Three rods of Copper, Brass and Steel are welded together to form a Y-shaped structure. Area of cross section of each rod = 4cm². End of copper rod is maintained at 100°C whereas ends of brass and steel are kept at 0°C. Lengths of the copper, brass and steel rods are 46, 13 and 12 cms respectively. The rods are thermally insulated from surroundings except at ends. Thermal conductivities of copper, brass and steel are 0.92, 0.26 and 0.12 CGS units respectively. Rate of heat flow through copper rod is:

Let dQ1/dt be the rate of heat flow through the copper rod, dQ2/dt be the rate of heat flow through the brass rod, and dQ3/dt be the rate of heat flow through the steel rod.

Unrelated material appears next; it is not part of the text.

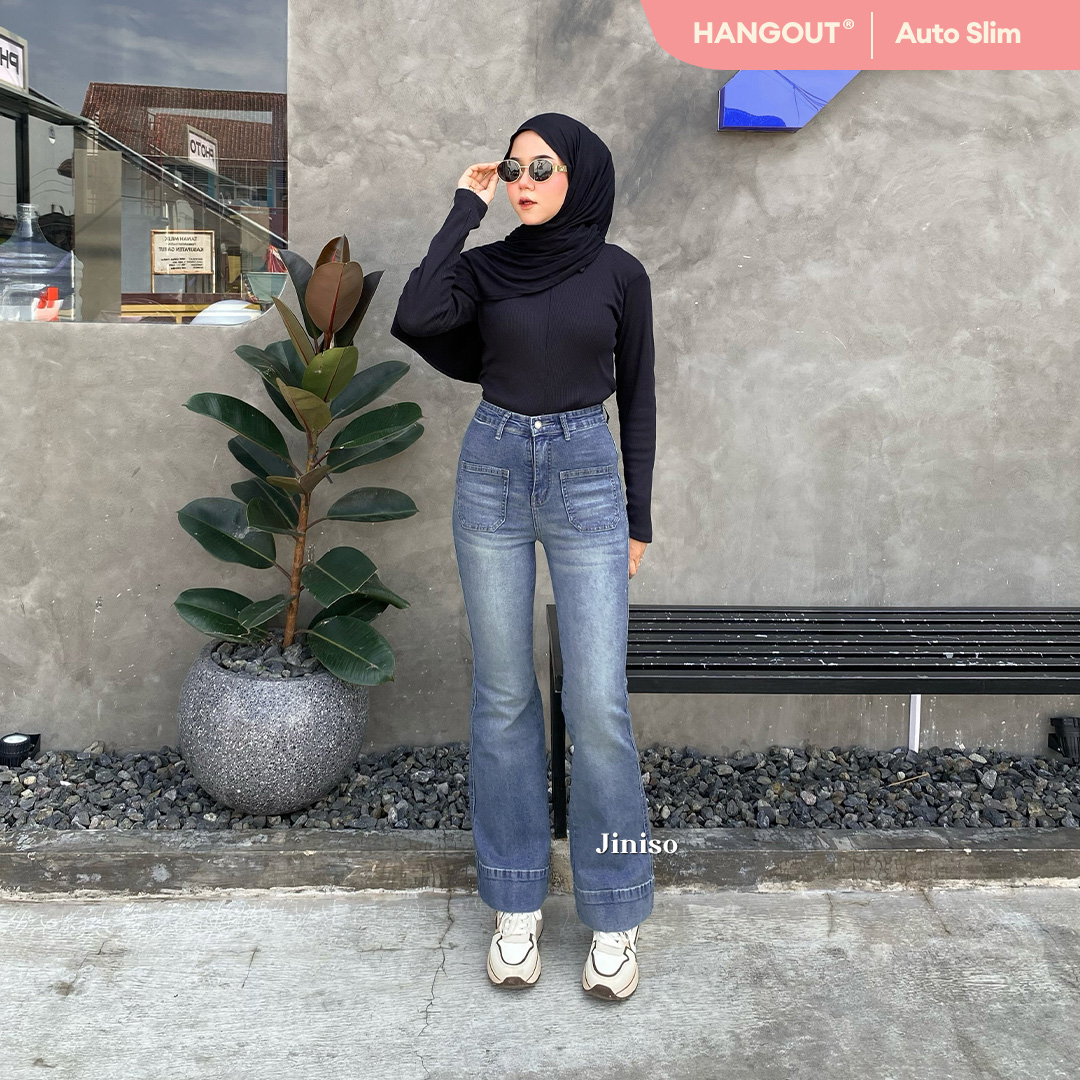 Jiniso - Highwaist Cutbray Stretch Pocket Jeans 648 Hangout Harga 206,000 rupiah*Gratis Ongkir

According to the principle of thermal conductivity, the rate of heat flow is given by:
dQ/dt = KA(ΔT/L)
where:
K = thermal conductivity
A = area of cross-section
ΔT = temperature difference
L = length of the rod

For the copper rod:
dQ1/dt = K1A(100 - T)/L1
For the brass rod:
dQ2/dt = K2A(T - 0)/L2
For the steel rod:
dQ3/dt = K3A(T - 0)/L3

Since the rods are welded together, the rate of heat flow through the copper rod is equal to the sum of the rates of heat flow through the brass and steel rods:
dQ1/dt = dQ2/dt + dQ3/dt

Substituting the expressions for dQ1/dt, dQ2/dt, and dQ3/dt, we get:
K1A(100 - T)/L1 = K2A(T)/L2 + K3A(T)/L3

Given values:
K1 = 0.92
K2 = 0.26
K3 = 0.12
A = 4 cm²
L1 = 46 cm
L2 = 13 cm
L3 = 12 cm

Substituting these values into the equation, we get:
0.92(4)(100 - T)/46 = 0.26(4)(T)/13 + 0.12(4)(T)/12
0.08(100 - T) = 0.08T + 0.04T
8 - 0.08T = 0.12T
8 = 0.2T
T = 40°C

Now we can find the rate of heat flow through the copper rod:
dQ1/dt = K1A(100 - T)/L1 = 0.92 * 4 * (100 - 40) / 46 = 0.92 * 4 * 60 / 46 = 4.8 cal/s

Therefore, the rate of heat flow through the copper rod is 4.8 cal/s.